Director Timothy Greenfield-Sanders’ inquiry begins at the source of Morrison’s perspective, and early contentiousness: her status as an African American woman attempting to break in to the early-1970s book scene with novels that – as she paraphrases James Baldwin to explain – averted “the obsession with the white perspective, the white gaze.” “I didn’t want to speak for black people,” Morrison explains. “I wanted to speak to black people.”
Born into a working-class family in Lorain, Ohio, where her father was a steelworker, Morrison recalls her upbringing as a curious, if not privileged, one. Having neighbours from Italy, Russia and Poland, she says, widened her perspective and that of her family. “My mother learned to cook this… cabbage thingy,” Morrison recounts, fondly, and in these moments, whilst also recalling the “looseness” of her social habits during her time as a college student, The Pieces I Am shines a wonderful, keenly human light on a writer whose genius frequently transcended the norm of her species.
But there’s a much-needed, overtly political slant to much of the Morrison story that Greenfield-Sanders opts to tell here. With interviews from the likes of Angela Davis and Oprah Winfrey, Morrison’s role as an essential – if not always concerted – activist in the hot social climate of the early 1970s is poignantly explained. It’s in discussing Morrison’s essential politics that The Pieces I Am takes on a more stylish slant, as interviews are intercut with inspiring contextual footage of the literary world she so proudly changed – and which never changed her.

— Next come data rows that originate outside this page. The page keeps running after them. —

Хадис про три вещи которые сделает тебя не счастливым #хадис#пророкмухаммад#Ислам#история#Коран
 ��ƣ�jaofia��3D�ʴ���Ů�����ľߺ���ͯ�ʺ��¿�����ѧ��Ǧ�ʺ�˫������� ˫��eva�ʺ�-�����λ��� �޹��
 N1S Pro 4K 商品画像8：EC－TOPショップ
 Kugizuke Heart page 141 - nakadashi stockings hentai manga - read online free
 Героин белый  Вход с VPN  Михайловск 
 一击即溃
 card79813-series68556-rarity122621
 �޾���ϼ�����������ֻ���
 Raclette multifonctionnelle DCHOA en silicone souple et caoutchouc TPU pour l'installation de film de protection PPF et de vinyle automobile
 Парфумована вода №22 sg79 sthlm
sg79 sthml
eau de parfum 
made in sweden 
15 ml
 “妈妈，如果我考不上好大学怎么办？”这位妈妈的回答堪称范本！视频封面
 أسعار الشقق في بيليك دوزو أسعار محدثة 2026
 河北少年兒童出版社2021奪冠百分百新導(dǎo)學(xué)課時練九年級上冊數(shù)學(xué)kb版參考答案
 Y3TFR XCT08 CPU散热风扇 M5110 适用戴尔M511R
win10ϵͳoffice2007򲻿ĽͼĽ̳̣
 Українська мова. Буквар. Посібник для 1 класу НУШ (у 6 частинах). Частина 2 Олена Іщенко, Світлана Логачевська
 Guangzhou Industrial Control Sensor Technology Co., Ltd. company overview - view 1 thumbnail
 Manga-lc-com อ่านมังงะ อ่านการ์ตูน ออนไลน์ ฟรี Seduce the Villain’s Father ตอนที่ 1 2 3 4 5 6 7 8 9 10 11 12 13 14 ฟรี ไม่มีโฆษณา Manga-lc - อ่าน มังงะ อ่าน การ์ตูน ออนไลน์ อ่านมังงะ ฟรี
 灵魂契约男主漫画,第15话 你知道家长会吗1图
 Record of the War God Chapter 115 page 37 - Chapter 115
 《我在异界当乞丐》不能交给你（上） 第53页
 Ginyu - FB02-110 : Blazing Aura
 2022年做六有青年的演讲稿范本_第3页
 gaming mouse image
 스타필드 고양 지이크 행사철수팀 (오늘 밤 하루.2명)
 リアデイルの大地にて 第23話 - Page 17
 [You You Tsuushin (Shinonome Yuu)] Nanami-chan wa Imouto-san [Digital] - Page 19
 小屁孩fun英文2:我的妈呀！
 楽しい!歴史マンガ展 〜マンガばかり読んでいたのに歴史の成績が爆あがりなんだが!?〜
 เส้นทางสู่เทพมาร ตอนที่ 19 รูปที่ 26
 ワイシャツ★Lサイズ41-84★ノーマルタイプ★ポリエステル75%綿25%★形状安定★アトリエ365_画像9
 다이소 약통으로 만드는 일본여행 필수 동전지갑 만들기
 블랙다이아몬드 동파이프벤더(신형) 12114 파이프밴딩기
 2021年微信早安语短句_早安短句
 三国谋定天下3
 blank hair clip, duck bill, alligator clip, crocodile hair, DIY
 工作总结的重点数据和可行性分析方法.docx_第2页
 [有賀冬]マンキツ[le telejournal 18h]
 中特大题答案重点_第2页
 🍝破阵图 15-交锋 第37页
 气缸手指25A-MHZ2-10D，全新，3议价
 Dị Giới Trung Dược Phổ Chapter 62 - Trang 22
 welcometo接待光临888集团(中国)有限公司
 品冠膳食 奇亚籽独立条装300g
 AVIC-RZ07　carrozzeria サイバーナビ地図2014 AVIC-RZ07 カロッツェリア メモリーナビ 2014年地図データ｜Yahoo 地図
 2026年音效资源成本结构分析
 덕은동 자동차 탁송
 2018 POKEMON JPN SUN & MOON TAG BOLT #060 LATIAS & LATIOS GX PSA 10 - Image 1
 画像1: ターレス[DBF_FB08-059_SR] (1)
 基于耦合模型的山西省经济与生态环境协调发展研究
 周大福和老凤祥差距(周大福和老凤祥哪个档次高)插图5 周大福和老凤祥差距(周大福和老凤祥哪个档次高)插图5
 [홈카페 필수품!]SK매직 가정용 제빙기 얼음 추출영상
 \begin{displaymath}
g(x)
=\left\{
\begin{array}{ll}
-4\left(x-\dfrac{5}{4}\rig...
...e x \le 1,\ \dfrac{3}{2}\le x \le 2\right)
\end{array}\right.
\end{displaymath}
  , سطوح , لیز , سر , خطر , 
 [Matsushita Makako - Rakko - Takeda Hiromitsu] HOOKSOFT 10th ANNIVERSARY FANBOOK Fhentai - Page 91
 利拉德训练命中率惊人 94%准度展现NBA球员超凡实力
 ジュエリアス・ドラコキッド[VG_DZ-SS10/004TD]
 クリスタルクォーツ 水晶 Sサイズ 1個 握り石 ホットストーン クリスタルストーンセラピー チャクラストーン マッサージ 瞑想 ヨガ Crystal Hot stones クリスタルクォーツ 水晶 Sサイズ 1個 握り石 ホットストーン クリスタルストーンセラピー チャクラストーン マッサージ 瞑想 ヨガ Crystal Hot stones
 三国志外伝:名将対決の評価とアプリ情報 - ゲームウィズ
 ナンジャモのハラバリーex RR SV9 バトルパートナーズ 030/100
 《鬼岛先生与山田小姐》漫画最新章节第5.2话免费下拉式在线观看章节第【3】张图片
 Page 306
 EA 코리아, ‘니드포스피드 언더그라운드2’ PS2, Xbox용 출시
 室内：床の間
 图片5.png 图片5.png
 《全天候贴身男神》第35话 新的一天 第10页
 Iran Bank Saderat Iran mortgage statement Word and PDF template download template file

Morrison was the first African American woman to edit fiction at Random House, and – in 1993 – the first African American woman to win the Nobel Prize for Literature. Yet she was also on the avant-garde of community activism from the early stages of her career, publishing controversial left-of-centre works alongside her own novels, which always pushed boundaries and sought status for a new type of writing. After winning the Nobel Prize, Morrison was asked why she thought her books had cut through to so many across the world. “I think I write well,” she replied. Toni Morrison: The Pieces I Am makes it abundantly clear just what an understatement that is.